Awards
- Chancellor and Provost Medallion - 2016
- IU Northwest Chancellor's Medallion
- Gary, Indiana
- Presenter: William J. Lowe
Becoming one of the Indiana University’s Northwest campus earliest instructors in 1955, Dr. Keith Lorentzen has devoted nearly his entire adult life to the University. Just as he worked tirelessly to build a respected program in chemistry, his legacy continues to support the University and its students into his retirement years. For, although Lorentzen’s retirement from IU Northwest began some 28 years ago, his support continues in the form of a scholarship he created in 2002, given annually to an outstanding chemistry student.
A native of Utah, Lorentzen’s family included a university professor and a school teacher, so advanced education was always an expectation. He completed his B.A. degree in chemistry in 1942 at the beginning of WWII, so his plans to continue to graduate school had to be postponed. Returning home from war in 1947, he capitalized on his G.I Bill by earning his master’s degree at the University of Utah.
Receipt of a research scholarship took Lorentzen and his wife, Frances, to Penn State University where he completed a Ph.D. They moved to Munster, Indiana in 1951 and he began working in the research labs of the Standard Oil refinery in Whiting.
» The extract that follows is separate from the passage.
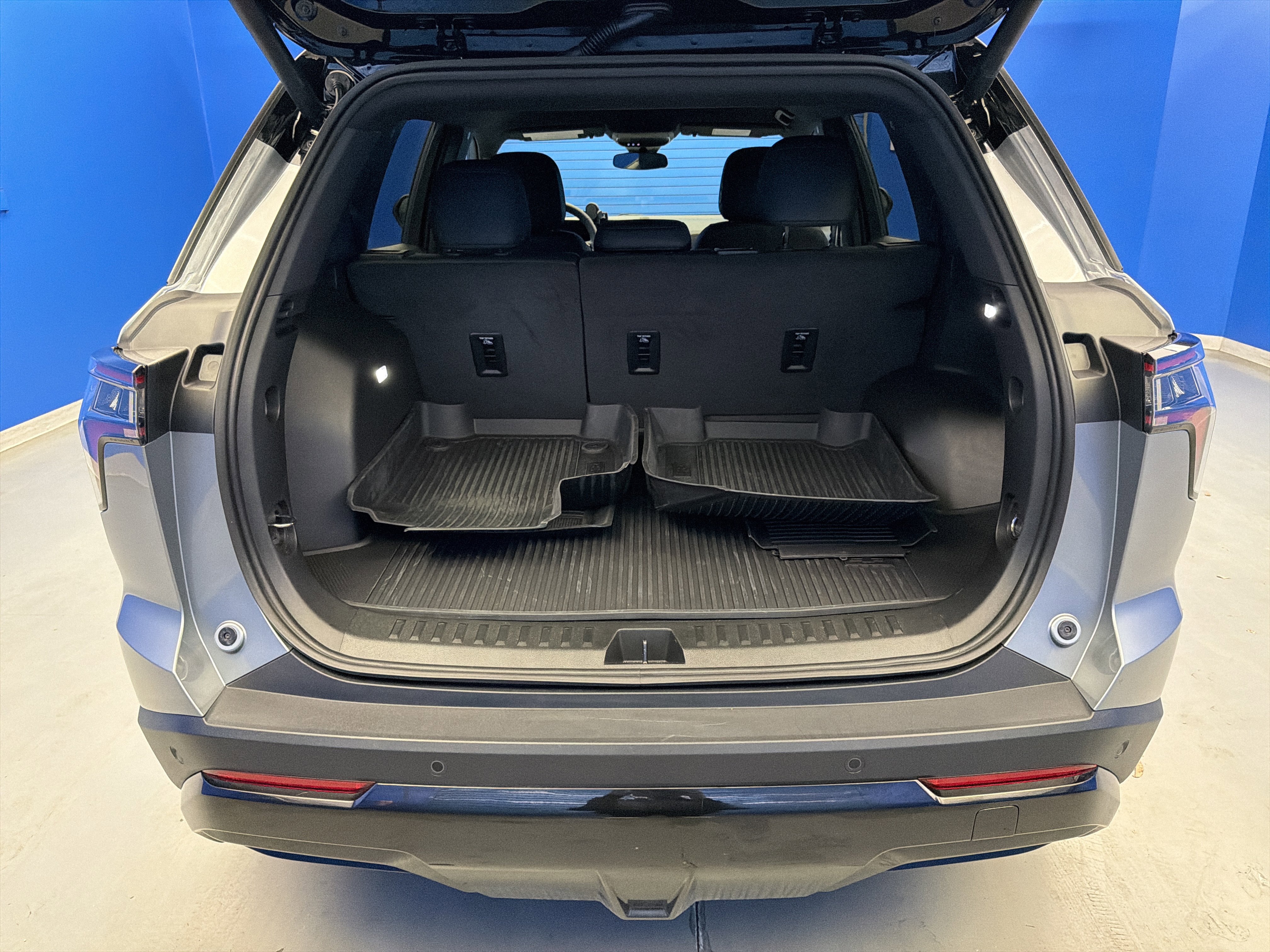 Used 2026 Chevrolet Equinox RS w/ LPO, Floor Liner Package image 27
It was there that he and Frances raised their six children.
Lorentzen taught an evening Physics 101 class at one of the Northwest Indiana locations which offered classes toward completion of an IU degree. These were the years preceding the opening of the IU Northwest campus in Gary. When Standard Oil moved its research lab to Naperville, Illinois, Lorentzen made a decision to stay in Northwest Indiana.
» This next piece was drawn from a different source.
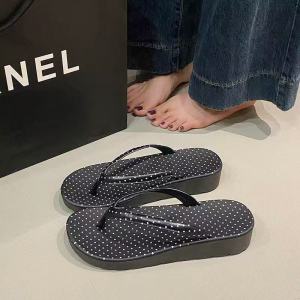 [Free Shipping] 2026 Summer New Fashion Flat Flip-Flops for Women Non-Slip Outdoor Beach Wedge Sandals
He applied and was accepted for a full-time position at IU Northwest in the Chemistry department. Throughout the years, he traveled to and from the Bloomington campus, sitting in on various committees to help ensure that IU Northwest degrees were as academically sound as their counterparts at the main campus.
Because use of the G.I. Bill had afforded Lorentzen the opportunity to advance his education, Lorentzen gained a deep appreciation of the value of philanthropy. One of Lorentzen’s many achievements was to help fund an undergraduate seminar for students who were pursuing a chemistry degree. The money he donated to the IU Foundation was used to invite notable guest speakers to the growing campus. And, through his continued philanthropy, the seminars continued each year.
Lorentzen was fully aware that although scholarship monies were provided at least in some form to each student, many students ended up dropping out of school long before degree completion. His dream was to start a scholarship that would be academically competitive, for a student who showed commitment to completing a degree. Throughout the years, many students who have been on the receiving end of this scholarship have confided that they would not have been able to attend college and complete a degree without this additional financial assistance.